**Exercise description:** Please copy exactly the part of the records below that opens with the line containing "ヴィラ　アンソレイエⅢ[2DK/44.82m2]の駐車場3" and closes with the line containing "1779 Whisperwood Trl, Danville, IN 46122", leaving out any pictures.

**Dataset:**
*** Block opens ***
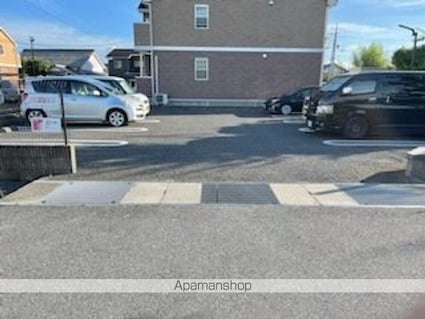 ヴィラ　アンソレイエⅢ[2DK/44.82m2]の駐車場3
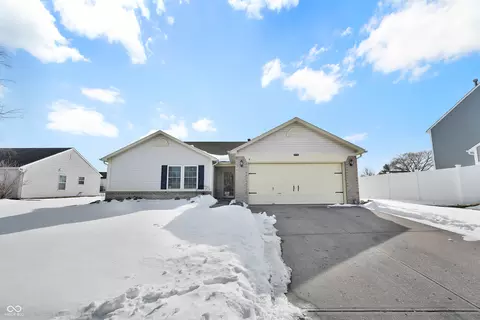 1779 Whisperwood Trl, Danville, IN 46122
*** Block closes ***
*** Block opens ***
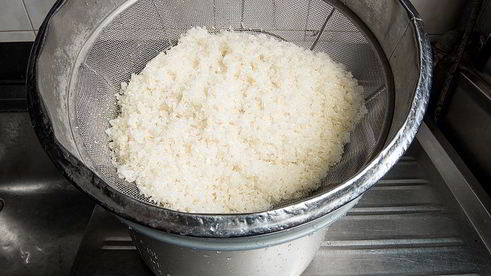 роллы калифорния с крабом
*** Block closes ***
**Solution to the problem:**
 ヴィラ　アンソレイエⅢ[2DK/44.82m2]の駐車場3
 1779 Whisperwood Trl, Danville, IN 46122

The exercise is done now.